Function Recovery Attacks in Gate-Hiding Garbled Circuits using SAT Solving
Chao Yin, Zunchen Huang, Chenglu Jin, Marten van Dijk, Fabio Massacci
TL;DR
This work analyzes gate-hiding garbled circuits in Semi-PFE and demonstrates that exposing circuit topology enables practical function-recovery of hidden gate types. It introduces topology-preserving simplifications (R-Wave, S-Class, Z-Class, ZS) and an incremental SAT-solving framework to dramatically prune the gate-type search space, enabling efficient recovery from IO observations.

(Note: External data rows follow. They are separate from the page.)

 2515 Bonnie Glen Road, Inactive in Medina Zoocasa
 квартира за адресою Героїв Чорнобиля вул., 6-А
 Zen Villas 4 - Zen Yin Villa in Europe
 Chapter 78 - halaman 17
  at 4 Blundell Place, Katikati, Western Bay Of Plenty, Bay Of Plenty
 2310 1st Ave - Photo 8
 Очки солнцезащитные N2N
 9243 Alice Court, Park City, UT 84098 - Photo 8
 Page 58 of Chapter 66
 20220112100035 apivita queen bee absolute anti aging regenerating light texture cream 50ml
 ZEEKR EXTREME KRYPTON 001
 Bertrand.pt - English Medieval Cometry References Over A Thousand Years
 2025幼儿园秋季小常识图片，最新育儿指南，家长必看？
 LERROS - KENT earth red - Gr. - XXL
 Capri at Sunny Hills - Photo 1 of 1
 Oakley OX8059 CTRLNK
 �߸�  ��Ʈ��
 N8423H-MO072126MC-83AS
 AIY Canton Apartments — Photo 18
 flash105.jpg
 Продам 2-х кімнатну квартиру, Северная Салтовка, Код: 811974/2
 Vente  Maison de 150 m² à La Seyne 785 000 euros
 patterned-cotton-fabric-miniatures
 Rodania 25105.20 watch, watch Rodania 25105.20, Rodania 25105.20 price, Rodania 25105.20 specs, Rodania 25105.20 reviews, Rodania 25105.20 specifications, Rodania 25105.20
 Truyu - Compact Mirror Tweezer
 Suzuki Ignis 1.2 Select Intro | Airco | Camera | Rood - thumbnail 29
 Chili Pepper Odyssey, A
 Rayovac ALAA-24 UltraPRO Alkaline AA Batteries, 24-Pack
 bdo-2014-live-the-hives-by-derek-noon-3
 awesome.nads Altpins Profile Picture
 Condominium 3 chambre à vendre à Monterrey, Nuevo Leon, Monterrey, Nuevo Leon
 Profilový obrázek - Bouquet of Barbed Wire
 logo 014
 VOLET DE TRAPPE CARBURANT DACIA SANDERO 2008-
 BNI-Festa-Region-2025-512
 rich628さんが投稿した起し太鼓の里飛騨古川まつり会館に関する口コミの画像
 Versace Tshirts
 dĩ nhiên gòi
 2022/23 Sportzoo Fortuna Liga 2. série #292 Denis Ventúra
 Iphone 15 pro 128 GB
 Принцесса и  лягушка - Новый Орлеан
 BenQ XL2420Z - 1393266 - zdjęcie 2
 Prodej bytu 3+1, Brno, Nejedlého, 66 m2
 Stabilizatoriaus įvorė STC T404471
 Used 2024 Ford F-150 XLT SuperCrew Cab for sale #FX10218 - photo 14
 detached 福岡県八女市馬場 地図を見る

The authors present a baseline SAT-based decamouflaging approach and an optimized attack that separates candidate generation from discriminating-input searches, extending to scenarios with hidden inputs (Threat Model B). Empirical evaluation on ISCAS89, 2PC cryptographic circuits, and fault-tolerant sensor-fusion MPC circuits shows large speedups (up to $159$-fold) and successful recovery within a 24-hour budget, highlighting topology leakage as a practical vulnerability and motivating countermeasures such as circuit-level redundancy and gate-type simplifications.
Abstract
Semi-Private Function Evaluation enables joint computation while protecting both input data and function logic. A practical instantiation is gate-hiding garbled circuits, which conceal gate functionalities while revealing the circuit topology. Existing security definitions intentionally exclude leakage through circuit topology, leaving the concrete impact of such leakage on function privacy insufficiently understood. We analyze the empirical security of gate hiding under two adversarial models that capture realistic computational capabilities. We present a SAT-based function-recovery attack that reconstructs hidden gate operations from a circuit's public topology. To enable recovery on larger and more complex circuits, we develop an incremental SAT-solving framework combined with a set of composable, topology-preserving simplification theorems. These techniques jointly reduce the SAT instance size and progressively constrain the search space across repeated solving iterations. We evaluate our attack on ISCAS benchmarks, representative secure computation circuits, and fault-tolerant sensor fusion circuits under a fixed 24-hour recovery budget. Compared to baseline approaches, our optimized attack achieves up to a 159-fold speedup in recovery time without increasing the number of oracle queries. Our results demonstrate that topology leakage alone can enable effective function recovery in practice.